Wait, what?
We were all probably taught in algebra or geometry class that all lines are linear functions. So presumably \(y = 2x+3\) is supposed to be a linear function in linear algebra…except that it’s not. In fact equations of the form \(y = mx+b\) are not considered linear functions, except under special conditions which will be explained a bit later. All this raises the question: what are linear functions?
Linear functions, defined
At the heart of linear algebra are linear transformations, like matrix-vector products.
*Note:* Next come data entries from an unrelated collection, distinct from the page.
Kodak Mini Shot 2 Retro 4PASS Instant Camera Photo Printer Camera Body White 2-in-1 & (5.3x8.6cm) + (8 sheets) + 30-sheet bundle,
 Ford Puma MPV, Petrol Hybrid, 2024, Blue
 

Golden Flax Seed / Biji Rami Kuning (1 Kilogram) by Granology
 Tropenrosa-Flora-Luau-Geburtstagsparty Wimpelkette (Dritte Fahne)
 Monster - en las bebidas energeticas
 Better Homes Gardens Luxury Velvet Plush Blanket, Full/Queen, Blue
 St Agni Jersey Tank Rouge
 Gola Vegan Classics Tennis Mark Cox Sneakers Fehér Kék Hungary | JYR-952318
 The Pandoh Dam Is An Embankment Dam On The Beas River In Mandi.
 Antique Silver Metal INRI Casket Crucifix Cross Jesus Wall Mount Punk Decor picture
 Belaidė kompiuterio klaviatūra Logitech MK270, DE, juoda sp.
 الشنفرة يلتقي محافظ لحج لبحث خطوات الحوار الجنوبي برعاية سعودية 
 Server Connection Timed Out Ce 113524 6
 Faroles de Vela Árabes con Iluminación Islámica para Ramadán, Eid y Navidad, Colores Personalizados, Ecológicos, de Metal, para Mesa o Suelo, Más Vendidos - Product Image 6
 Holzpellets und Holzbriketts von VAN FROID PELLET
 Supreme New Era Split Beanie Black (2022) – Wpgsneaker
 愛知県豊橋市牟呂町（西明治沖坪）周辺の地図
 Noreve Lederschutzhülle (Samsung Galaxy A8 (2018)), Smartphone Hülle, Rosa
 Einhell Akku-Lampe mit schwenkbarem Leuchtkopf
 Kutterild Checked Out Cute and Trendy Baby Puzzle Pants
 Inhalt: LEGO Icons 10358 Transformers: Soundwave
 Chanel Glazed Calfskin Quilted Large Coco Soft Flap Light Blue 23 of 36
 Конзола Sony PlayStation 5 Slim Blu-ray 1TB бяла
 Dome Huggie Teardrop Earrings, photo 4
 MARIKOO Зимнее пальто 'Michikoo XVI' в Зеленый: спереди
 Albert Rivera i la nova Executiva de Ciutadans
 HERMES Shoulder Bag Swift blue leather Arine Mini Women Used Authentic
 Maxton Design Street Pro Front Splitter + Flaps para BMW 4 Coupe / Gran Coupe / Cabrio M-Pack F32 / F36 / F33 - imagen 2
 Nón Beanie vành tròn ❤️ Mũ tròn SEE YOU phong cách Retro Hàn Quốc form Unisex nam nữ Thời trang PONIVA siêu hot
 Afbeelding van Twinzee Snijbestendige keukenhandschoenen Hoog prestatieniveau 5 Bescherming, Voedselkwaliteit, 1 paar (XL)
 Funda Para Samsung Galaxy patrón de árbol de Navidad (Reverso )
Such transformations are really just linear functions - we use the word function in algebra and transformation in linear algebra, but they’re all one and the same concept. Ivan Savov’s excellent and humorous book on linear algebra (which you can find here) provides the definition:
A function f is linear if it satisfies the equation \[f(\alpha x_1 + \beta x_2) = \alpha f(x_1) + \beta f(x_2)\]
where \(\alpha\) and \(\beta\) are both scalar constants. MIT provides the same definition albeit with slightly different notation.
The definition implies that evaluating a linear function with some linear combination of inputs \(x_1\) and \(x_2\) is the same as taking a linear combination of the outputs \(f(x_1)\) and \(f(x_2)\).
An example of violation
We can show how a line like \(f(x) = \frac{1}{2}x+5\), absent certain limitations on \(\alpha\) or \(\beta\), violates the definition of linearity. Let \(x_1\) = 3 and \(x_2\) = 6 be inputs, and let \(\alpha\) = 4 and \(\beta\) = 2 be scalar constants to form a linear combination of the inputs. Then \(f(x)\) would be a linear function if \(f(4 x_1 + 2 x_2) = 4 f(x_1) + 2 f(x_2)\). Is it? Let’s see.
\(f(4 x_1 + 2 x_2) = \frac{1}{2}(4*3 + 2*6)+5 = 17\)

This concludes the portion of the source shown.